"CE QUI M'A FAIT QUITTER LE PDS, JE NE L'ACCEPTERAI PAS À L'APR"
Abdoulaye Sow, responsable de l'APR à Kaffrine
Le néo apériste de Kaffrine, Abdoulaye Sow étale les frustrations qui l’ont fait quitter le Parti démocratique sénégalais (Pds). Dans cet entretien accordé à «L’As», l’ex cadre libéral prévient ses nouveaux compagnons de l’Alliance pour la République qu’il n’acceptera pas d’avoir une majorité brimée. L’ex membre du groupe des réformateurs du Pds pense également que Modou Diagne Fada a emprunté une fausse piste en voulant créer son parti. Abdoulaye Sow prédit un avenir sombre pour son ancien parti qui refuse d’accepter le changement. Malgré le respect qu’il voue à Me Wade, le néo apériste pense que le pape du Sopi n’est pas un prophète
L’As : pourquoi avez-vous quitté le parti démocratique sénégalais (pds) ?

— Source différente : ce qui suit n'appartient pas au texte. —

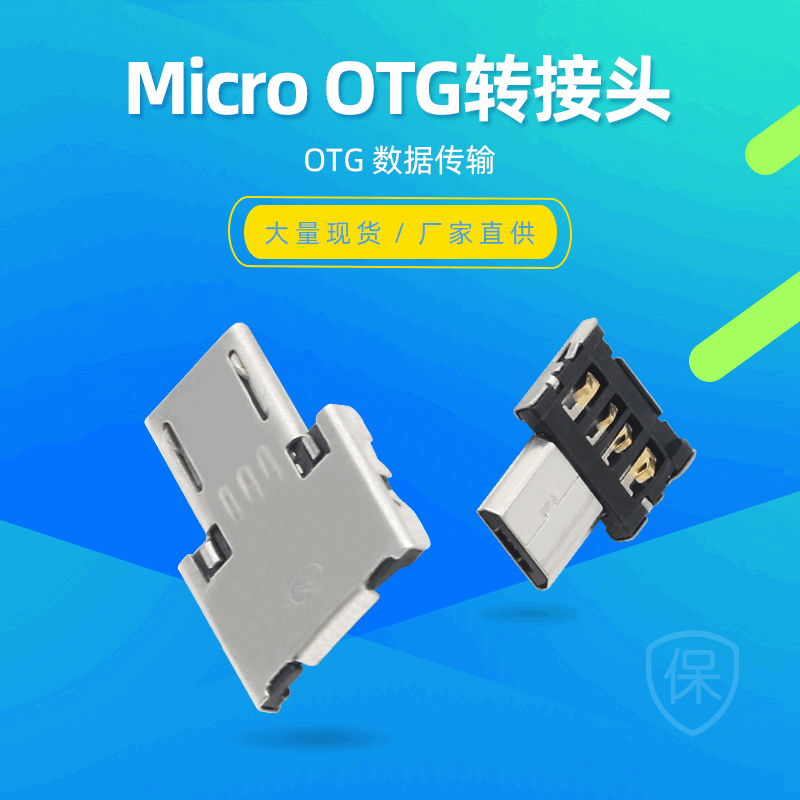 OTG转接头 usb otg转换头usb转micro v8安卓手机D多功能M转换头|ms
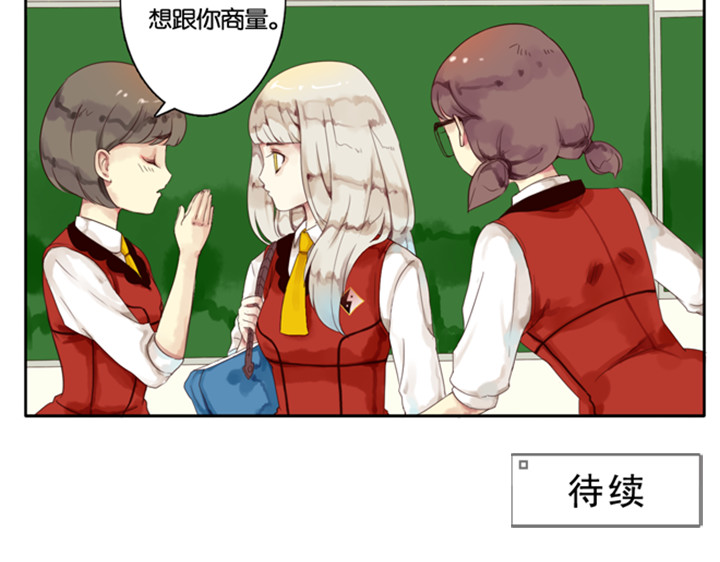 伪装小丑的王子 第3、4话  盈月和裕朗初识 第133页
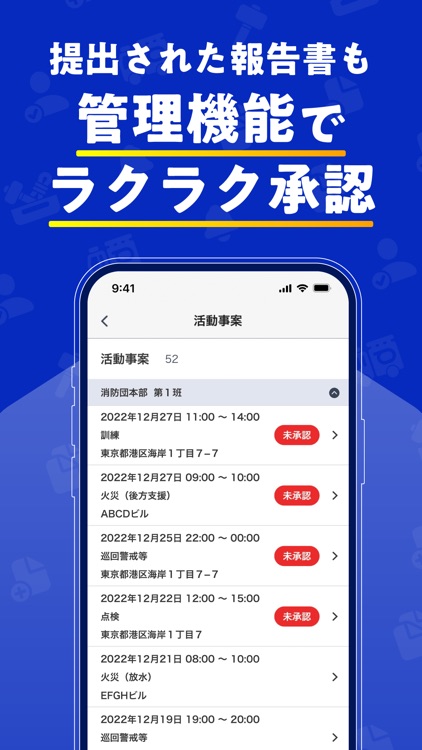 消防団ワークス screenshot-3
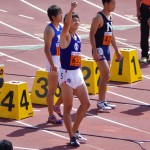 村中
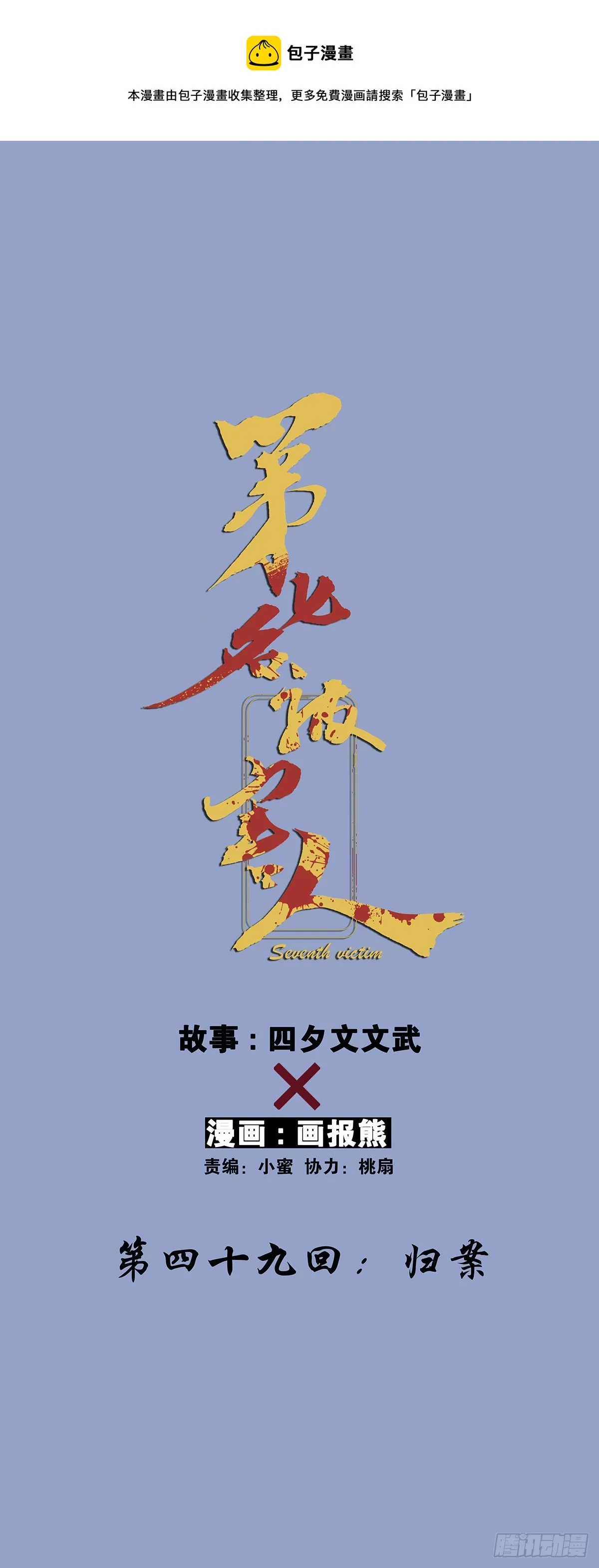 第四十九回：归案 第1页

Abdoulaye Sow : Nous (ndlr, cadres libéraux) avions mené la bataille de la réforme du Pds parce que le fonctionnement ne répondait pas aux urgences d’un parti moderne. Après avoir perdu le pouvoir, nous avions cette crainte de disparition du parti parce que celui qui incarne la constante avait perdu le pouvoir. Les cadres du parti pensent qu’il fallait tenir la baraque du Pds et être une opposition crédible. Aussi, nous avions pensé que ceux qui jouaient le premier rôle au Pds n’étaient plus crédibles à pouvoir conduire le destin du parti. Nous avions tenu un séminaire afin que le parti soit en phase avec les exigences de l’heure. Donc, il nous fallait revoir les statuts et l’organisation du parti. Cela a été compilé dans un document et transmis au secrétaire général national du parti. En ce moment, lorsque beaucoup de responsables rasaient les murs, nous avions tenu le débat pour faire face au régime en place. Et pourtant, le parti avait apprécié le document et promis de le traduire en actes. Cela n’a pas été fait. Il y a eu toutefois quelques réserves émises par Me Wade et le comité directeur. Ces documents dorment dans les tiroirs. Mais nous avions pensé qu’il fallait se battre pour réorganiser le parti et lui donner une nouvelle direction. Parce que ceux qui ont incarné le parti pendant 12 ans devaient laisser la place à la jeune génération.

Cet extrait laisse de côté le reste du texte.